**WHAT YOU NEED TO DO**
Would you copy the lines below exactly and omit the images?

**STUDY MATERIAL**
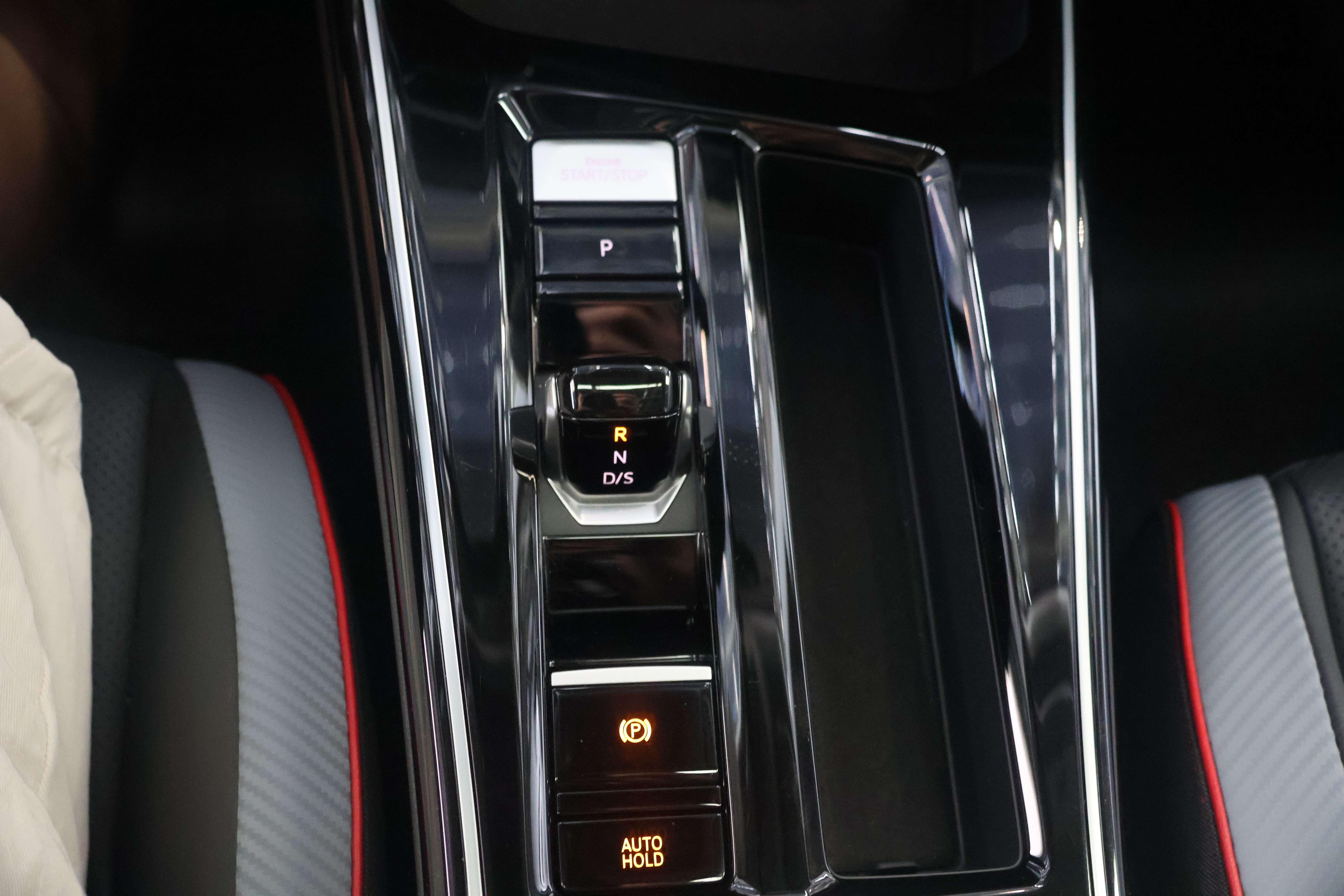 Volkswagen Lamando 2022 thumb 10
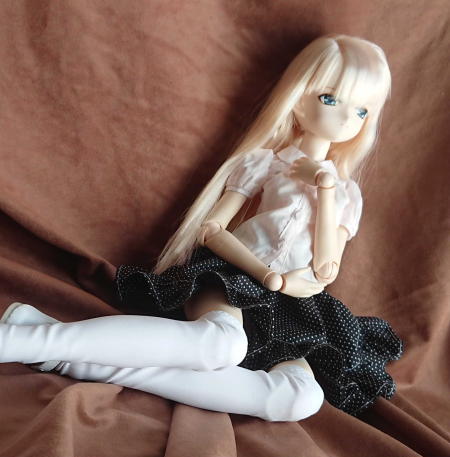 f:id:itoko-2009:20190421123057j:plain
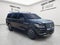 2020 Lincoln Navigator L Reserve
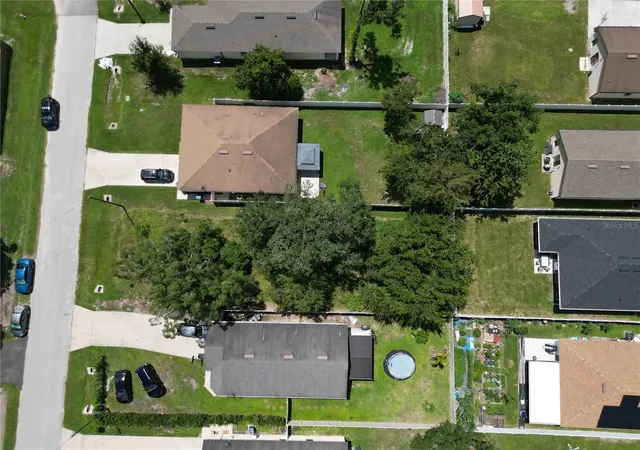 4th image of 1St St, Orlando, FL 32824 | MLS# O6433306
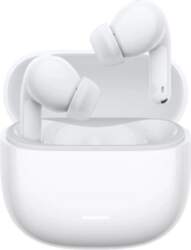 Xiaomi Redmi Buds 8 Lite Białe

**REPLY**
 Volkswagen Lamando 2022 thumb 10
 f:id:itoko-2009:20190421123057j:plain
 2020 Lincoln Navigator L Reserve
 4th image of 1St St, Orlando, FL 32824 | MLS# O6433306
 Xiaomi Redmi Buds 8 Lite Białe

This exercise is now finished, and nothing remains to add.